Milletvekili Sarıbal, TARSİM verilerine göre, don olayından kaynaklanan toplam zararın 21,5 milyar TL'yi bulduğunu, ancak bunun yalnızca 1,1 milyar TL'sinin karşılandığını ifade etti.
"Radyasyon ve Adveksiyon Tip Don: Felaket Boyutu"
10-11-12 Nisan tarihlerinde Türkiye’nin birçok bölgesinde hava sıcaklıklarının -15 dereceye kadar düştüğünü hatırlatan Sarıbal, "Bu sadece bir don olayı değil, hem radyasyon hem adveksiyon tipi donun aynı anda görüldüğü, üretim alanlarını adeta buz kestiren, meyve bahçelerini kavuran bir felaketti" dedi. Bu durumun, tek tip bir don olayı olmaktan öte, çok daha kapsamlı bir felaket olduğunu vurguladı.

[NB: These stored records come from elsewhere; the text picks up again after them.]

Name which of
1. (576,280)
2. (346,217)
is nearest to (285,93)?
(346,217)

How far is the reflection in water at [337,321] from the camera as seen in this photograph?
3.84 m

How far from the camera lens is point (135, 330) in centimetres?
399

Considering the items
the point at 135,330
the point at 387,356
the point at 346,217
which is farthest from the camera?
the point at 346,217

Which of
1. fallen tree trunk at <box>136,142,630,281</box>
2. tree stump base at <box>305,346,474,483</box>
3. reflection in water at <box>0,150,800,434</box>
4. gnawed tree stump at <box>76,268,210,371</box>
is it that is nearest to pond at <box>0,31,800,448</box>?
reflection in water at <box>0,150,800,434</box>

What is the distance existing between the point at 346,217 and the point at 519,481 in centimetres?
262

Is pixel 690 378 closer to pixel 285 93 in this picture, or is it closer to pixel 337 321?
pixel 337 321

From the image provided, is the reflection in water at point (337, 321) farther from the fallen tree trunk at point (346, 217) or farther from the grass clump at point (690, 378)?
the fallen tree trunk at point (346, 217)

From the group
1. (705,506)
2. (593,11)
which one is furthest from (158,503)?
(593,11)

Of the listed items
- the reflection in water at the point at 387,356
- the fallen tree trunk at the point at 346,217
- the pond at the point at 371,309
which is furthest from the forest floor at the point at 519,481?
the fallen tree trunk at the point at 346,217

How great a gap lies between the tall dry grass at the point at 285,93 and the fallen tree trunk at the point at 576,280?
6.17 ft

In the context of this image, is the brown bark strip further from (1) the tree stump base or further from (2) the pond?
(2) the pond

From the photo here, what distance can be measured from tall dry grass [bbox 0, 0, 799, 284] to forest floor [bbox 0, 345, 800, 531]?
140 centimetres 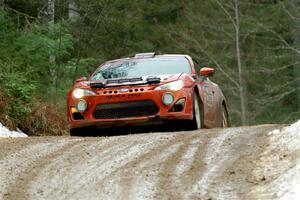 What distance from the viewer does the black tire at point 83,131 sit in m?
11.8

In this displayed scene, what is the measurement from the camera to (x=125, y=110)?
11.4 m

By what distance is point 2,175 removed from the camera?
8.09 m

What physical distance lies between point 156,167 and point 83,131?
163 inches

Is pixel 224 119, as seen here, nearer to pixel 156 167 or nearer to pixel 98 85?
pixel 98 85

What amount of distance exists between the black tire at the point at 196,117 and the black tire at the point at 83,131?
1.54 m

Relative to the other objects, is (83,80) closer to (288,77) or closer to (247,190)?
(247,190)

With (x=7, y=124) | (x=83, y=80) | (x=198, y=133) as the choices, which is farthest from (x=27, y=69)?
(x=198, y=133)

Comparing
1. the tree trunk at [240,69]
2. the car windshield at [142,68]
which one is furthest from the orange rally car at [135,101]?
Answer: the tree trunk at [240,69]

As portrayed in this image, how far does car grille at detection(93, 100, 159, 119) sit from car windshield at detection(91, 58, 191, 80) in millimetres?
1123

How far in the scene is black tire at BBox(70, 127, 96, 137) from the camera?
38.6 feet

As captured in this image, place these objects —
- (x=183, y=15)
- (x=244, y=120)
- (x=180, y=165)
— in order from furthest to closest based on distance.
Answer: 1. (x=183, y=15)
2. (x=244, y=120)
3. (x=180, y=165)

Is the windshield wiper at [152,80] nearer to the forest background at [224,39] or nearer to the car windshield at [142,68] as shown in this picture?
the car windshield at [142,68]

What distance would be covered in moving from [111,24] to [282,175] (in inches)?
760

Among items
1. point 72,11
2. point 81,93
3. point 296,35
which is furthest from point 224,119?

En Büyük Hasar Üzümde: Önleyici Tedbirler Neden Alınmadı?
Sarıbal, don felaketinin ürünler üzerindeki etkisini de rakamlarla açıkladı: "Hasarın yüzde 51’i üzümde, yüzde 15’i kayısıda, yüzde 10’u fındıkta, yüzde 7’si ise şeftali ve nektarinde meydana geldi." Milletvekili, çiftçilere aktif donla mücadele teknikleri (suni sisleme, su uygulama, havayı karıştırma, ısıtma sistemleri) için teknik ve maddi destek verilseydi, bu kayıpların büyük kısmının önlenebileceğini dile getirdi.
İktidarın yaşanan bu doğal felakete karşı gereken önlemleri almadığını belirten Sarıbal, "Yine üreticiyi kaderiyle baş başa bıraktılar. Bu anlayışla ne gıda enflasyonu düşer, ne tarım ayakta kalır, ne kırsal kalkınır. Üreticiyi desteklemeyen, felaketlere hazırlıksız olan, zararı karşılamayan bir tarım politikası sürdürülebilir olamaz" değerlendirmesinde bulundu.